Oggi la sfogliatella si può assaggiare in tutte la pasticcerie di Napoli, con soddisfazione. Se si cerca l’eccellenza, la bottega di Pintauro sta sempre là: ha cambiato gestione, ma non il nome e l’insegna, e nemmeno la qualità. Che resta quella di quasi duecento anni fa.

Ingredienti:
500 g di farina
100 g burro (o strutto)
zucchero a velo
10 g di sale

Per il ripieno:

125 g di semolino
125 g di ricotta
150 g di zucchero
2 uova
30 g di scorza di arancia candita
1 bustina di vanillina
cannella in polvere
sale

Preparazione: 1 ora e 40′i più il tempo di riposo + 25’ di cottura

Distribuite la farina sul piano di lavoro, versate al centro il sale e il burro ammorbidito; lavorate il tutto aggiungendo poca acqua alla volta.
Impastate per 30 minuti senza mai tirarla, quindi formate con la pasta una palla, ungetela con poco burro e fatela riposare per circa 1 ora.
Stendetela in una striscia stretta e sottile.
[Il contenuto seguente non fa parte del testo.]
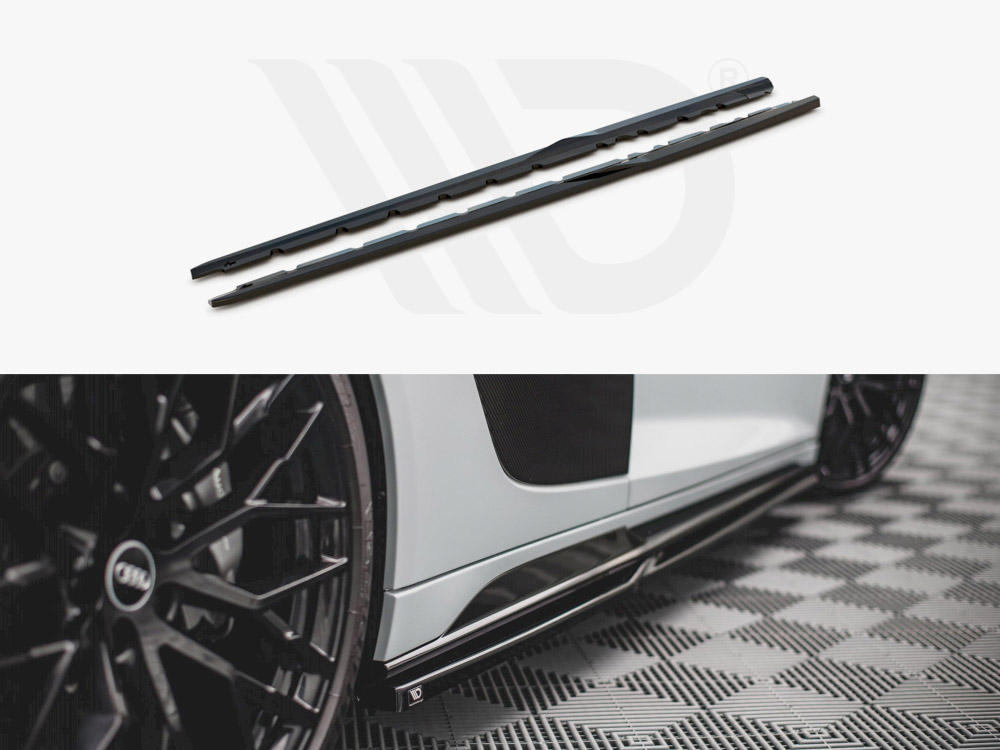 Maxton side skirts diffusers v1 audi r8 mk2 facelift models 1 Maxton side skirts diffusers v1 audi r8 mk2 facelift models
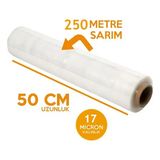 Ekol Ambalaj Palet Streç Film 17 Mikron 50 cm 250 M Palet Streç 1.kalite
Ripetete più volte l’operazione, realizzando una sfoglia sempre più sottile, poi ungetela con poco burro.
Raccoglietela infine a fisarmonica e stendetene un’estremità ancora più sottilmente, allungandola a circa 50 cm.
Iniziate ad arrotolarla fino a ottenere un cilindretto; ungete di burro la parte spianata e continuate ad arrotolarla strettamente tirando la sfoglia.
Giunti alla fine della parte unta, spianatene altri 50 cm; imburrate e ripetete l’operazione fino a esaurimento della sfoglia; passate il cilindro in frigorifero per 24 ore.
Portate a ebollizione 4 dl di acqua, salatela e cuocete il semolino per 5 minuti.
Versatelo sul piano di lavoro e unite la ricotta già lavorata con lo zucchero, un pizzico di cannella e la vanillina.
Aggiungete anche le uova e i canditi a pezzetti.
Tagliate il cilindro di pasta a fette di circa 1 cm di spessore; prendetene una e spingete in avanti con i pollici la parte centrale mentre le altre dita spingono i bordi della fetta in senso inverso.
Realizzate così tutte le sfogliatelle e riempitele con un cucchiaio di ripieno, riavvicinando i bordi.
Disponetele su una placca coperta di carta da forno e fate cuocere a 250 °C per circa 10 minuti, o fino a quando saranno dorate.
Sfornatele, fatele raffreddare e spolverizzate di zucchero a velo.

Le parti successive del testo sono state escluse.